Delphi-2M could also generate synthetic health trajectories that mirrored real-world disease patterns without duplicating individual records. A model trained solely on this synthetic data retained much of the original’s performance, showing only a three-point drop in AUC.
To interpret predictions, researchers examined the embedding space, revealing disease clusters consistent with ICD-10 chapters and showing how specific diagnoses shaped outcomes, such as the strong impact of pancreatic cancer on mortality. External validation on Danish data confirmed generalizability, with an average AUC of about 0.67, though with a modest performance drop.
Conclusions and Future Implications
The study introduced Delphi-2M, a GPT-based model capable of predicting and simulating the progression of multiple diseases over time. Compared with single-disease or biomarker-based models, Delphi-2M showed strong accuracy in forecasting health risks across more than 1,000 conditions. For diabetes risk, however, it performed lower than the single-marker HbA1c approach, with only a modest decline in performance when tested on Danish data.

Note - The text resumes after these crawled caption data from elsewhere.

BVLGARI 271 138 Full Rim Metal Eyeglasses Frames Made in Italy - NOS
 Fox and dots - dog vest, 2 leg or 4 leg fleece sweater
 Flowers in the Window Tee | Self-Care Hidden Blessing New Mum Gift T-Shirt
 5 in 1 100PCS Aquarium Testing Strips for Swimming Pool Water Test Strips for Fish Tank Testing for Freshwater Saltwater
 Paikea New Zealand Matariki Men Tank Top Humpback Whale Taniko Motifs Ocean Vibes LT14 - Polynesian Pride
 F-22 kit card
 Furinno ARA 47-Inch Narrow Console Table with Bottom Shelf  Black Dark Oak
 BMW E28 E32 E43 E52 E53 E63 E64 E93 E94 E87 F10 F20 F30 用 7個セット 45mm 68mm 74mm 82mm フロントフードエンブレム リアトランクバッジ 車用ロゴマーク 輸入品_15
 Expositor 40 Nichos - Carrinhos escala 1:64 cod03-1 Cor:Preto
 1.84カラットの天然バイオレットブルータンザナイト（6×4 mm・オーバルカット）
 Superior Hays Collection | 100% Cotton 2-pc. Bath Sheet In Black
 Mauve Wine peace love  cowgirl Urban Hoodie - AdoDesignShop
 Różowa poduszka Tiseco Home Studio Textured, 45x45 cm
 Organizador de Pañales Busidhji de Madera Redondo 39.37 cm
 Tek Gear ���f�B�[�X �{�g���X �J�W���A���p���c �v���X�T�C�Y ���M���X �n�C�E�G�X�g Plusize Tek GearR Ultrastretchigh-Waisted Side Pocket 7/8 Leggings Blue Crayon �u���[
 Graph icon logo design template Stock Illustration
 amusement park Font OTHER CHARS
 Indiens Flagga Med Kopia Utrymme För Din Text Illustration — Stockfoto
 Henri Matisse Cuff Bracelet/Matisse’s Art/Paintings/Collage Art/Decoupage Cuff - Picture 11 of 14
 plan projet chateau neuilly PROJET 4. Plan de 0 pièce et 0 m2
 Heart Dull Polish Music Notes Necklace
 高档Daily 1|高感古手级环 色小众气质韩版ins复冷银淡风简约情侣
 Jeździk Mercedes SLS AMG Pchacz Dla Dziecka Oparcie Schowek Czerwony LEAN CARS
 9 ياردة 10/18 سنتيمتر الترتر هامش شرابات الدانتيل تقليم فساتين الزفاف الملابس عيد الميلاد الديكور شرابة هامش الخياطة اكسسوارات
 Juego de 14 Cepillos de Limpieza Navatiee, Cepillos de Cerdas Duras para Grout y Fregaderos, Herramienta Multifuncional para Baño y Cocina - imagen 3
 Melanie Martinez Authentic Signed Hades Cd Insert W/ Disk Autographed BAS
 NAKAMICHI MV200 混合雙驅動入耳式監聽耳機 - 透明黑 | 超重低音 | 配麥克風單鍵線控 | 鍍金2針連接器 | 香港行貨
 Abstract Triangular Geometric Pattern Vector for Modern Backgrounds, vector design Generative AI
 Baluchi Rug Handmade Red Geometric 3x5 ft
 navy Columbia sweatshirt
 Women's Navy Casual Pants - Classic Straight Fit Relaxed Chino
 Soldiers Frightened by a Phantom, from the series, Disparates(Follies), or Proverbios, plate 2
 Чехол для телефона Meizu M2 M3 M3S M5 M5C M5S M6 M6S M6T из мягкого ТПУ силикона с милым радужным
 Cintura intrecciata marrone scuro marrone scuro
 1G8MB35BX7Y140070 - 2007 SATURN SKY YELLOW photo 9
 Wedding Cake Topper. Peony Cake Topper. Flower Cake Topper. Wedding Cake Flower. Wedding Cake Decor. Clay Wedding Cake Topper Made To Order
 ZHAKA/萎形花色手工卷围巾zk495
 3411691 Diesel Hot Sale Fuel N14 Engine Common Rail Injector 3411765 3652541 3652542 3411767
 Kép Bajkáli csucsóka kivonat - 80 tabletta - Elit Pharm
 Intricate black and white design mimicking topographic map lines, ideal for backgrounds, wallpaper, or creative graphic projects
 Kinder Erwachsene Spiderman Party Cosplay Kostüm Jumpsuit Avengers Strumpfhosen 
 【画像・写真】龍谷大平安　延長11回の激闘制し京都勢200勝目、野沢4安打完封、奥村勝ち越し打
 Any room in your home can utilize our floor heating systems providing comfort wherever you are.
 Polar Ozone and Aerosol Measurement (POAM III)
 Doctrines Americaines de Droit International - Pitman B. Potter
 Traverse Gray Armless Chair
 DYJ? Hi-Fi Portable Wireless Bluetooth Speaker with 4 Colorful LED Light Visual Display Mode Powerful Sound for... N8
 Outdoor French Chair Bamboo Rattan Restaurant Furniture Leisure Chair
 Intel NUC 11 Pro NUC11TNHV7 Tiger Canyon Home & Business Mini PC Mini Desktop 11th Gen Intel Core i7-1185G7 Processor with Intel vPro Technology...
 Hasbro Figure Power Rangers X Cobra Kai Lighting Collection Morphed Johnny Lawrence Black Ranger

Its ability to sample synthetic future trajectories allows estimation of long-term disease burdens and the creation of privacy-preserving datasets. The model also highlighted patterns of comorbidities and temporal influences of illnesses, achieving an AUC of about 0.97 for predicting death.
However, several limitations were noted. Predictions reflected biases in UK Biobank data, including healthy volunteer effects, recruitment bias, and missingness patterns. Differences were also seen across ancestry and socioeconomic groups. Importantly, the model captures statistical associations but not causal relationships, which limits its direct clinical use.
Overall, Delphi-2M demonstrates the promise of transformer-based models for personalized risk prediction, healthcare planning, and biomedical research. Future improvements may integrate multimodal data, support clinical decision-making, and aid policy development in aging populations.